The trades detailed concerns that the reduction in the examination cycle for rural institutions, as described in the legislation, would create a discrepancy in market competition standards.

“We understand that exams can be costly and burdensome for any institution; however, exams on rural community banks are more arduous given their smaller staffing levels and limited resources,” the trades wrote. “Banks and FCS institutions should be on the same exam timeline, otherwise competitive advantages are given to the FCS. The combination of these FCS non-farm lending grabs represents an assault on the community bank industry which will lead to fewer community banks serving rural America and thus fewer access points for rural Americans to obtain credit.”

The trade groups detailed their strong opposition to the bill’s policies aimed at expanding the non-farm financing authorities of the Farm Credit System (FCS) to increase the among of financing available to essential community facilities (ECF) from 10 percent of total loans to 15 percent of assets.
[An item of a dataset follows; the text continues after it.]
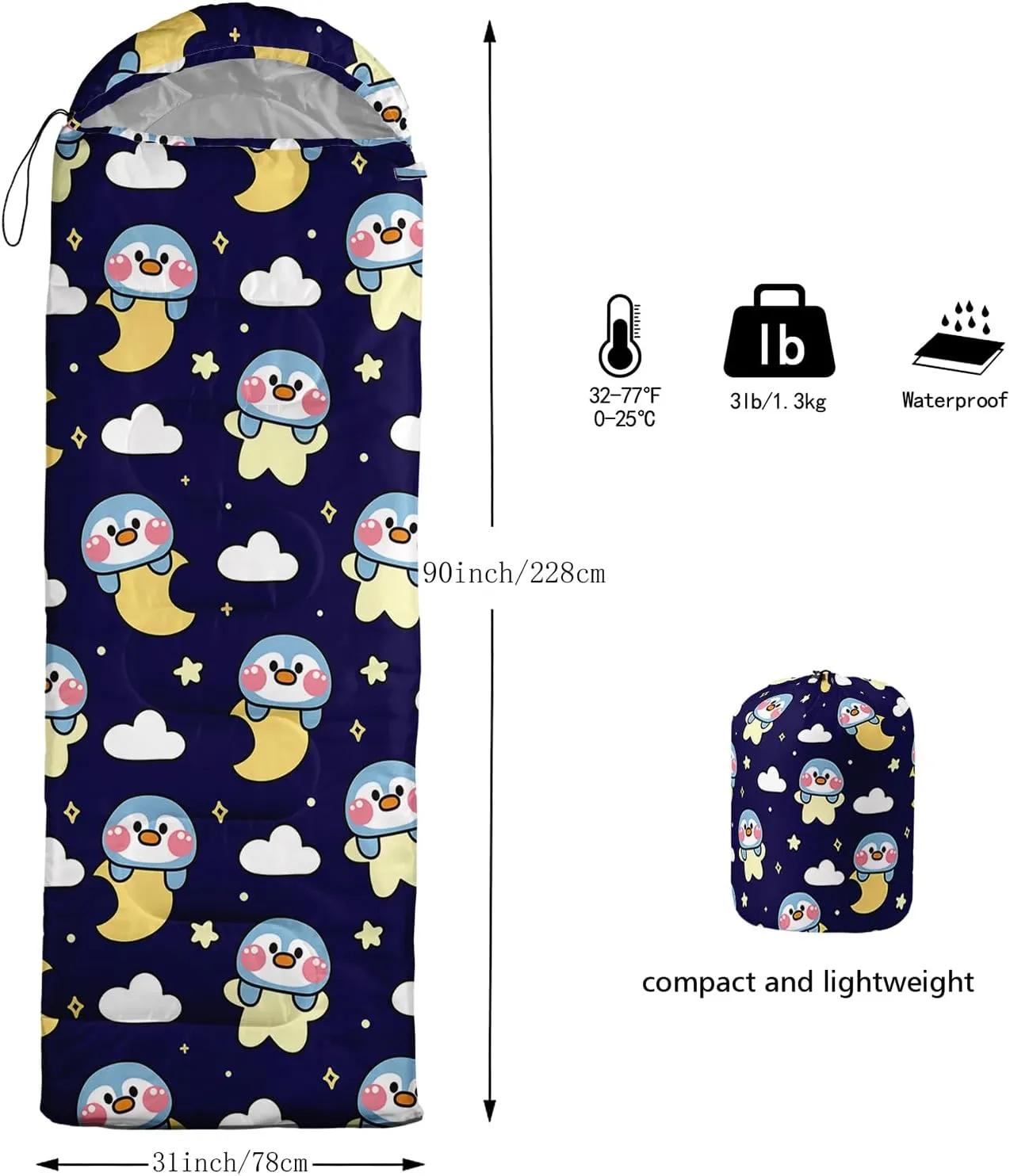 Axolotl Penguin Star Sleeping Bag,3 Season Warm and Cool Weather Moon Cloud Sleeping Bag for Boys Girls Teens,Waterproof Lightweight Lovely Animal Sleeping Bag for Traveling,Outdoors Camping,Navy Blue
The letter notes that the provision would allow for a potential increase of 75 percent to 100 percent or more and would remove the regulator’s authority to grant approval on a case-by-case basis.
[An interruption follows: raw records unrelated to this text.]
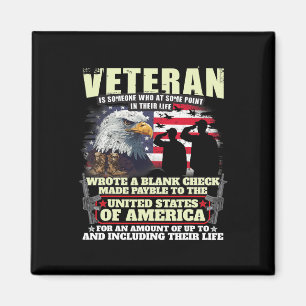 Veteranskriften Blank Check Military Veteran Famil Magnet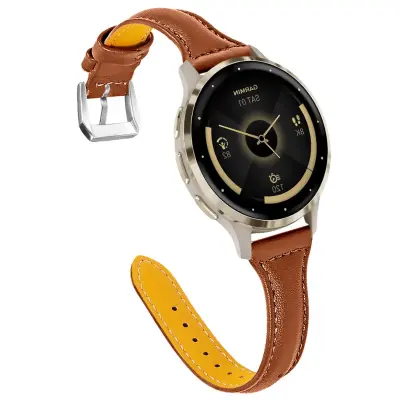 Tanak kožni remen u obliku slova T kompatibilan s Garmin Venu 3S/Huawei GT4/5/6 41MM/42MM Smeđa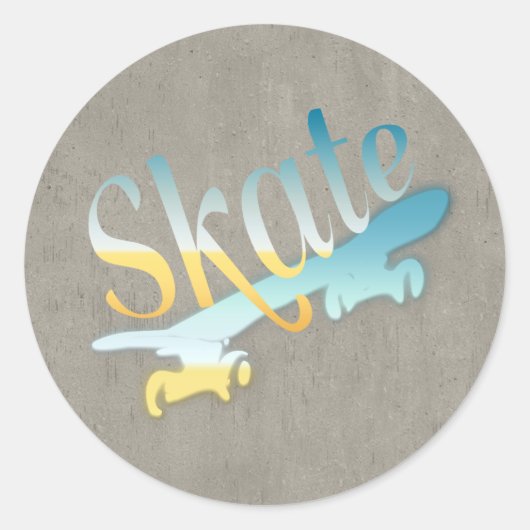 Skateboard Runder Aufkleber (Vorderseite)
“Contrary to what the FCS stated in their 2023 Senate Agriculture Committee testimony, the proposal does not require participation with local community banks,” the trades wrote. “Additionally, we oppose efforts to increase FCS lending to non-farm businesses including those that only tangentially service aquaculture. We also question the need for expanded FCS equity financing for non-farm purposes. These are community bank loans that would be siphoned away, into the swelling portfolios of a largely tax-exempt government-sponsored enterprise with significant tax and funding advantages over community banks.”

Community bankers expressed support for the bill’s provisions exempting rural institutions from the CFPB’s 1071 small business lending rule, as well as a congressional resolution to overturn the 1071 regulation, which passed in both the Senate and House but was vetoed by the president in December.

“However, we oppose a special carve-out allowing the FCS to only supply data related to sex, gender and ethnicity, three data points, when community banks must comply with 81 data points regarding their customers,” the trades wrote. “Community bank agriculture lenders should receive the same or similar compliance regime as the FCS. FCS’s carve-out would also only apply to their definition of a ‘small farmer,’ specifically those with less than $250,000 in annual income. The CFPB’s definition would apply to institutions of $5 million or less.”

The 2024 farm bill is intended to replace the 2018 farm bill, which is set to expire in September, following an extension proposed by Congress and approved by the Biden administration in November.